The smart buildings market remains highly fragmented, with competing communication protocols, siloed data environments, disconnected vendors, and complex integration requirements. As a result, building owners and operators remain hesitant to scale smart building deployments due to long deployment cycles, high integration costs, operational complexity, and uncertainty around Return on Investment (ROI).

Now, the rise of Artificial Intelligence (AI)-driven automation, sustainability reporting, and real-time operational analytics is reshaping priorities around standardized data exchange and system interoperability. For technology vendors, operating within interoperable ecosystems is becoming non-negotiable for long-term success.

This transition is now being reinforced at the policy level. In early May, the European Commission launched the Horizon Europe Innovation Action (HORIZON-IA) initiative to enhance intelligent data orchestration throughout the building lifecycle. The program focuses on integrating flexible building information systems with whole-life carbon assessment tools to accelerate the digital transformation of the built environment.

A core focus of the program is to drive interoperable data ecosystems that continuously track Whole Life Carbon (WLC), including both operational carbon emissions from building use and embodied carbon associated with construction, renovations, and demolition.
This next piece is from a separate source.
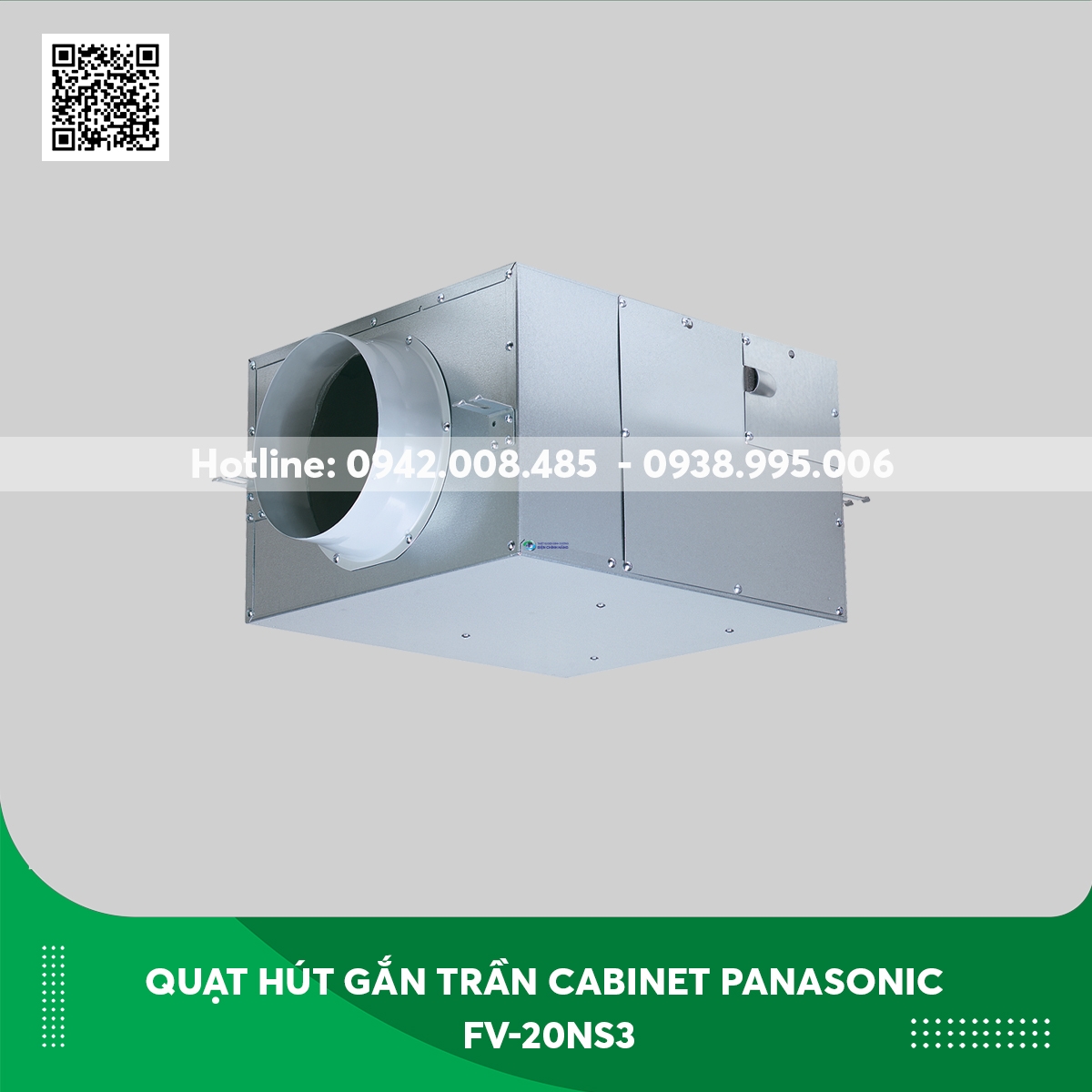 Quạt hút gắn trần Cabinet Panasonic FV-20NS3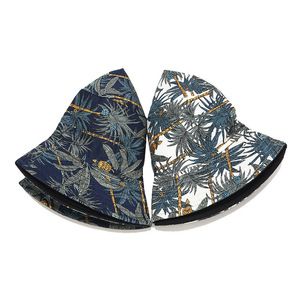 Europa y América Nuevo Patrón de árbol de plátano tropical Impreso Gorra de pescador de sol Sombrero de cubo - Product Image 3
Achieving this level of lifecycle visibility requires standardized data-sharing frameworks and unified information models that connect stakeholders across design, construction, and operations, producing a continuously updated “single source of truth” so building owners and operators can easily view and assess building performance and sustainability data.

With a budget of €15.75 million, the initiative strengthens platforms tailored for the revised Energy Performance of Buildings Directive (EPBD), centered on interoperable carbon tracking and sustainability reporting from design through operation. More broadly, the program signals a growing recognition that scalable digital infrastructure and open data exchange are necessary to support climate targets, energy-efficiency mandates, and AI-enabled building operations.

By lowering integration friction and shortening deployment timelines, interoperability expands the number of buildings that can realistically support advanced digital operations. For technology vendors, this shifts competitive advantage away from proprietary lock-in and toward platforms that can integrate across multi-vendor environments using open protocols and standardized data models. As AI-driven building optimization, digital twins, and portfolio-scale automation become more common, building owners and operators increasingly prioritize flexible systems that can normalize and exchange data across Heating, Ventilation, and Air Conditioning (HVAC), lighting, occupancy, energy, security, and Internet of Things (IoT) infrastructure in real time.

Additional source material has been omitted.